Hacker Newsnew | past | comments | ask | show | jobs | submitlogin

I am an electrical engineer that designs control systems for renewable power production for a living.

Curious what makes you think that the overhead and inefficiencies inherent to a million small solar installs is somehow better than a single managed facility benefiting from economy of scale both for maintenance and design.

Additionally, curious how you plan to address the problem of adding additional generation to existing way overloaded distribution systems to accomplish this. If this massive hypothetical solar install is all non-grid tied then fine, I guess, but you're losing a substantial amount of the power that's made that way.

Distribution systems don't come for free and have many of the same problems as 'last mile' internet. Not terribly complex but expensive en masse, particularly in areas that are not densely populated (which is a lot of the US).

There is a reason we spend a lot of money on transmission. Spending a lot of money on distribution helps a very small part of your network. Spending a lot of money on transmission helps a huge part of your network.




Not OP but I suspect some comes from what I would view as the ability to first add solar to where there is existing infrastructure like parking lots, roofs, telephone poles etc. These areas are already built out and adding solar on top of it doesn’t take over an untouched eco system. Deserts are not voids of nothing ness and there is already a vast impact on the environment already.

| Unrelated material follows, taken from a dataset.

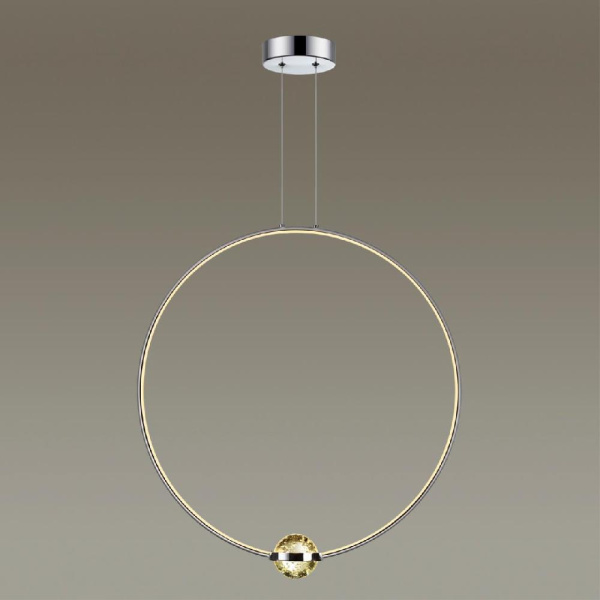 4337/27L L-VISION ODL22 113 хром/металл Подвесной светильник IP20 LED 27W 2230Лм 4000K GOTA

In my opinion the greatest benefits for large numbers of discrete small PV installs (with battery) is in places where it's uneconomical to extend the grid.

I'll use some hard to reach parts of WA and BC and OR and ID for example. You might be able to build a nice house/cabin on a piece of rural land and find that setting the poles and running lines to bring basic 100A or 200A service to that house will cost $40,000.

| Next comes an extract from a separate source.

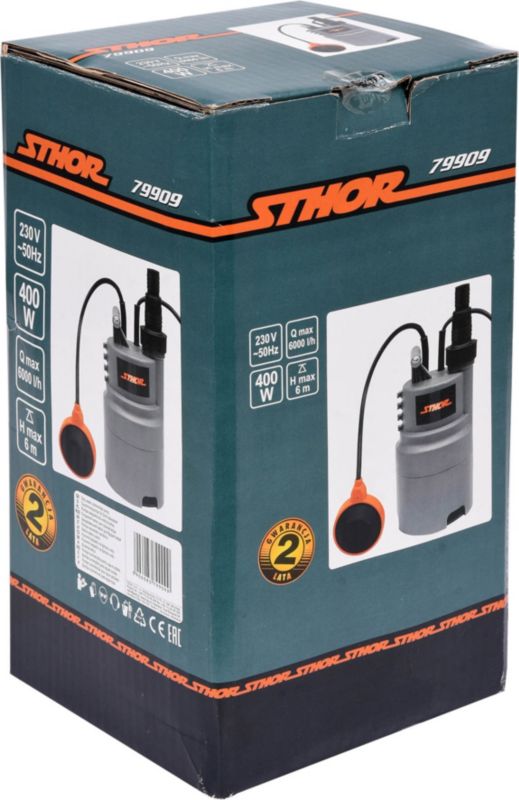 Pompa zanurzeniowa Sthor 400 W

For 40k you can build quite a large off grid PV system that will have a reasonable ROI on it to serve the same loads, vs. spending 40k one time on construction costs for grid and then $50 to $200 monthly electric bills recurring for a long time after that.

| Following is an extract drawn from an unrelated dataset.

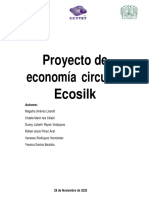 Proyecto Ecosilk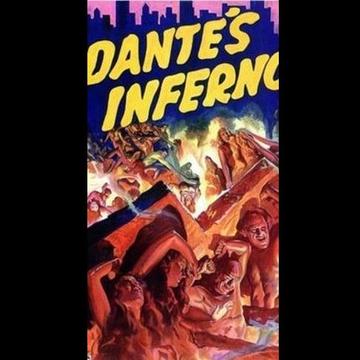 movie poster of Dantes Inferno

As far as grid tied decentralized power systems do I agree with you 100%. It is VERY COSTLY in labor and complications to do something like cover the roof of a Home Depot or similar warehouse-sized structure in grid feeding PV, as compared to doing medium-sized to massive scale ground mount PV on empty land somewhere.


Unfortunately, banks don’t finance anything “off grid” with conventional financing. There are some banks that do, but you’re going to pay a premium compared to a standard Fannie/Freddie backed mortgage.

That’s the biggest issue with this plan, which can be fine for a certain kind of person but not 90%+ of the market of potential people who inevitably have to finance a home.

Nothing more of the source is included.